╭─ Study material

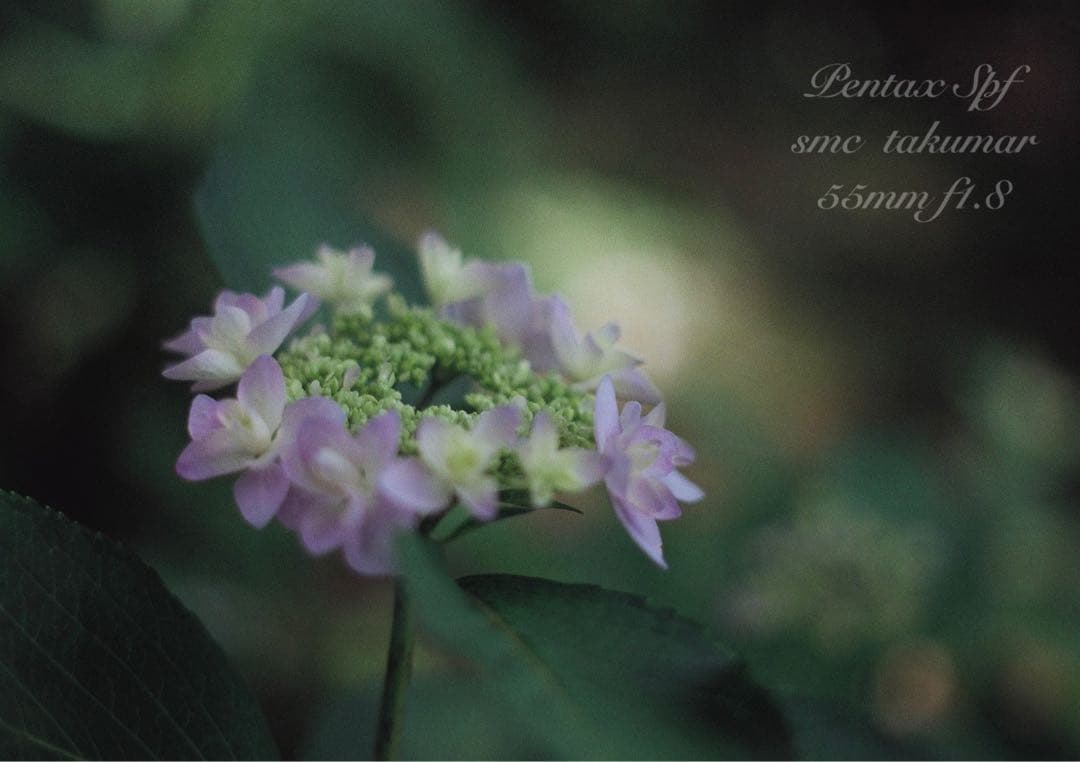 pentax spf フルセット★完動品＊美品＊初期保証付★作例多数！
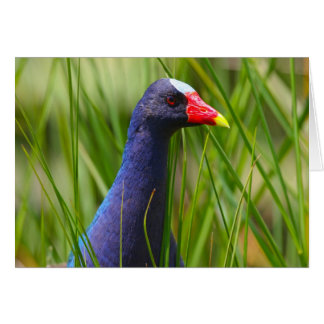 Purple Gallinule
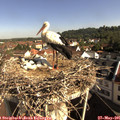09_05-nest.jpg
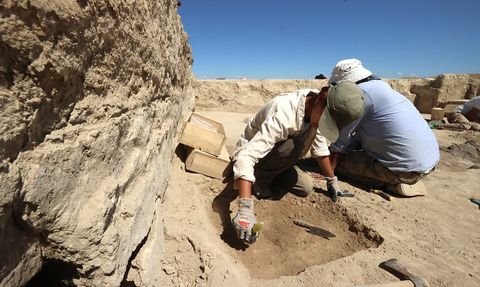 Arslantepe'de İlk Şehir Devletinin İzleri Ortaya Çıkıyor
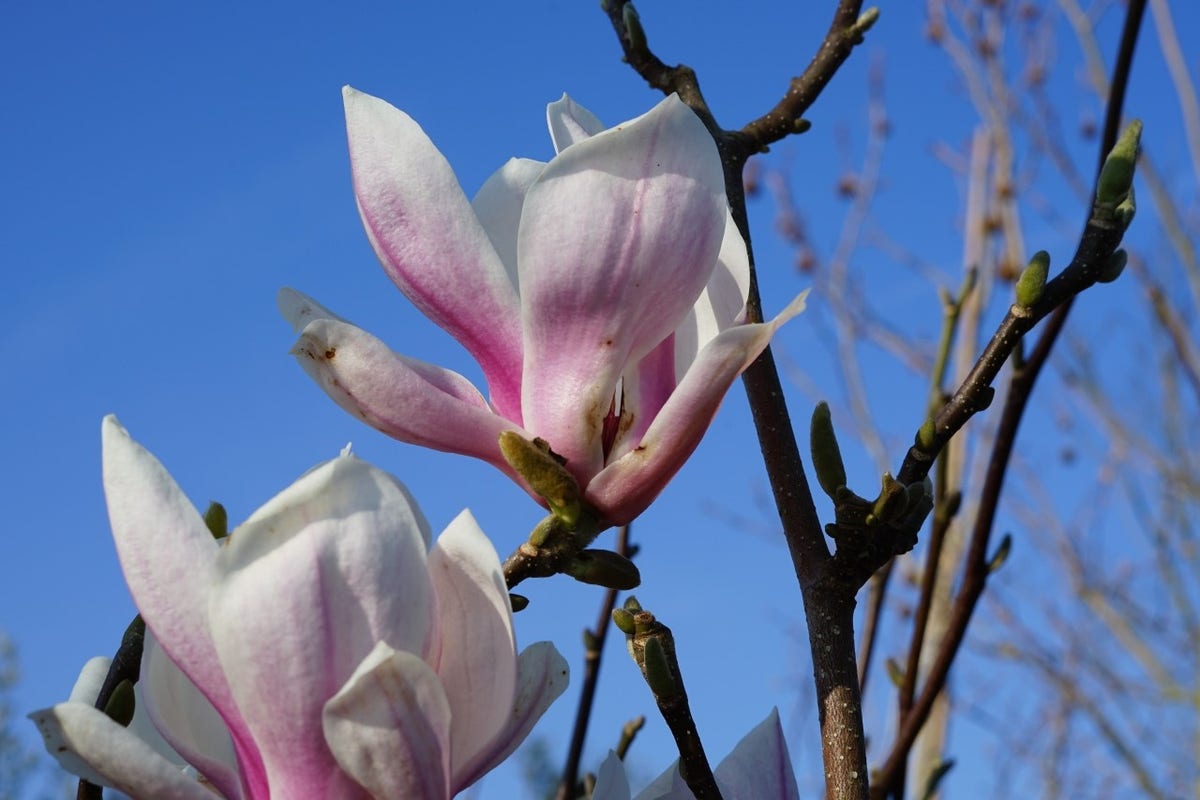 Beverboom Als Struik (Magnolia Soulangeana)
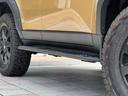 TOYOTA LAND CRUISER 250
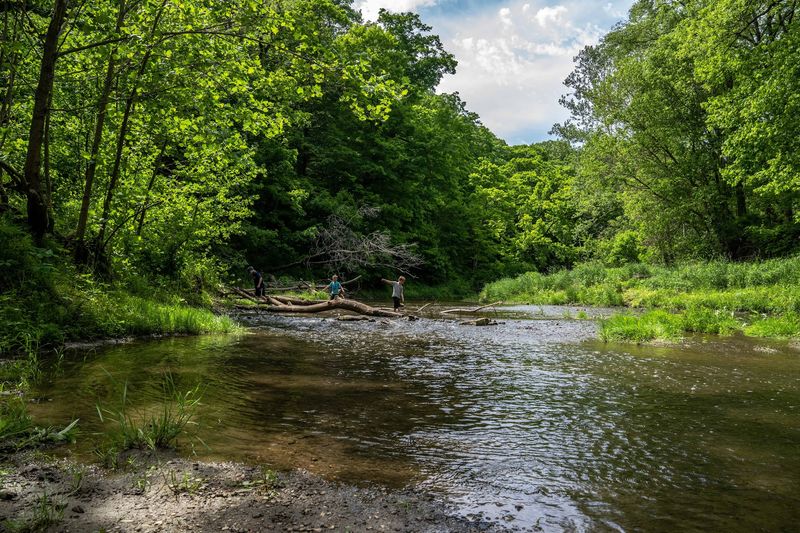 A Creek That Carves the Whole Experience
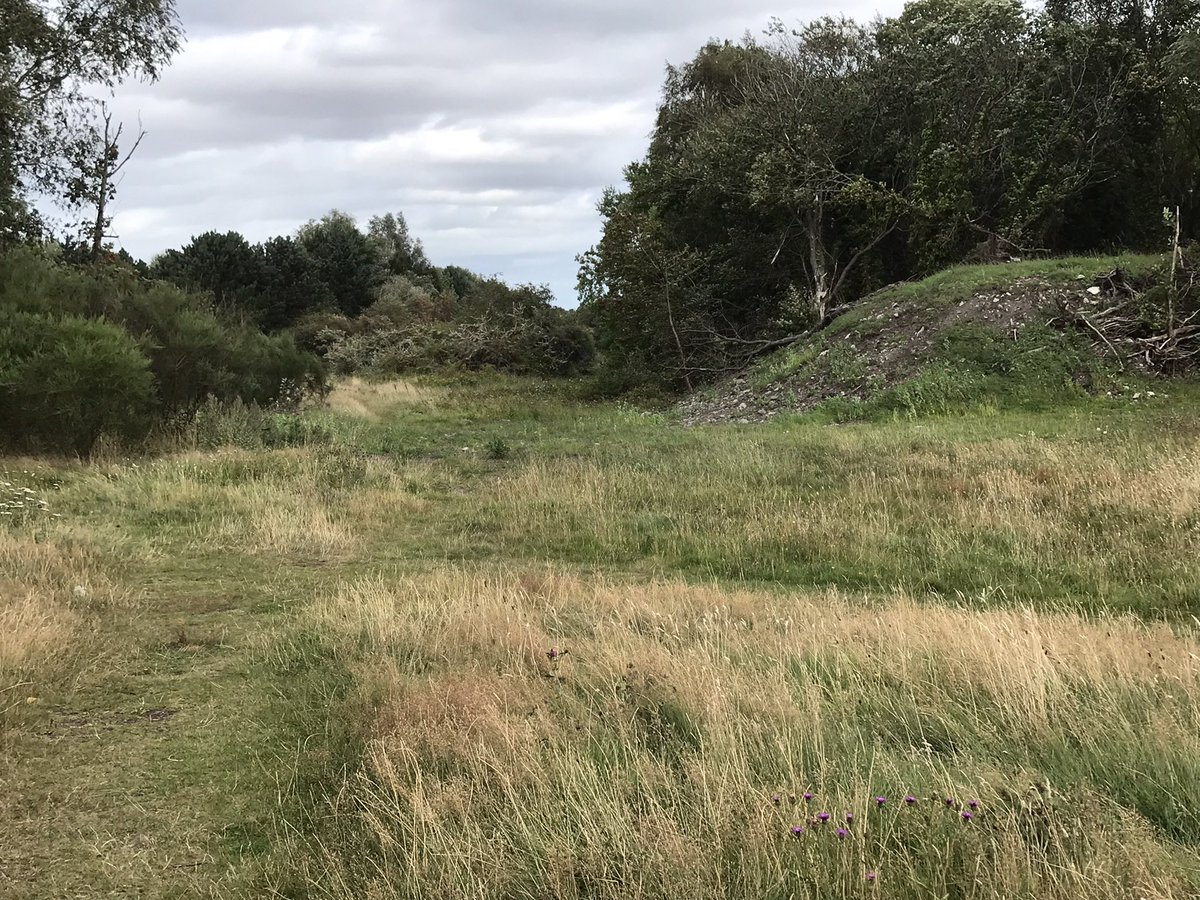 coal_legacies's tweet photo. Sad and surprised to see the last surviving piece of Kinneil Colliery (1890-1983) infrastructure gone picked up nothing in the press or social media #Boness #Coal #MiningHeritage https://t.co/jdSF60xsNd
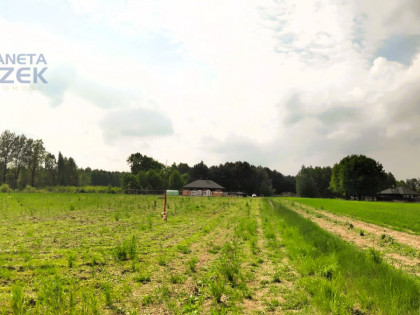 Działka Orły-Cesin ul.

╰─

- What to do: Leave every picture out and set down exactly the lines running from the one with "Purple Gallinule" to the last line of the material above.

- Solution to this task:
 Purple Gallinule
09_05-nest.jpg
 Arslantepe'de İlk Şehir Devletinin İzleri Ortaya Çıkıyor
 Beverboom Als Struik (Magnolia Soulangeana)
 TOYOTA LAND CRUISER 250
 A Creek That Carves the Whole Experience
 coal_legacies's tweet photo. Sad and surprised to see the last surviving piece of Kinneil Colliery (1890-1983) infrastructure gone picked up nothing in the press or social media #Boness #Coal #MiningHeritage https://t.co/jdSF60xsNd
 Działka Orły-Cesin ul.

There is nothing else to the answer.